Quando se assevera o problema da improbabilidade de comunicação608 do ato de decisão judicial compreendido como discurso, logo se percebe que o papel desempenhado pelo desconstrutivismo é também de grande relevância. Contudo, como no item anterior já foram tecidos alguns comentários sob a perspectiva desconstrutivista, não se faz necessário, nesta oportunidade, abordar novamente a mesma. Repetir tal abordagem seria, além de enfadonha, inútil. Sendo assim, as considerações que venham a ser feitas acerca do ato de decisão judicial como discurso e sua relação com o desconstrutivismo serão sempre considerações complementares, na medida que se demonstrem convenientes e oportunas para fins de esclarecimento da matéria.
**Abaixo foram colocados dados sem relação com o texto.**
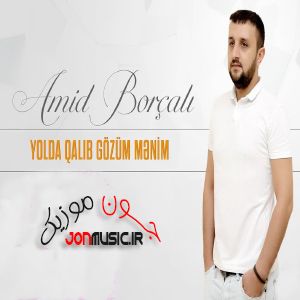 دانلود آهنگ Amid Borçalı Yolda Qalıb Gözüm Menim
Ainda no que toca aos esclarecimentos prévios sobre o que se entende aqui por considerar o ato de decisão judicial como discurso, importante é assinalar que não há qualquer redundância ao se dedicar um item que trate do ato de decisão judicial e, a seguir, valer-se de um outro item para abordar o ato de decisão judicial como discurso, porque linguagem e discurso não significam um único sentido.

Sendo certo que linguagem e discurso são significantes de significados próximos, não é menos certo que as aparências significativas também enganam. Linguagem e discurso são recortes distintos de um mesmo fenômeno, no presente trabalho, do ato de decisão judicial. Esta assertiva, no entanto, não implica afirmar que a distinção entre linguagem e discurso seja uma distinção exata e demarcada. Antes significa esclarecer que tais conceitos, por vezes, interpenetram-se, conferindo a impressão de que os limites que os demarcam desapareceram.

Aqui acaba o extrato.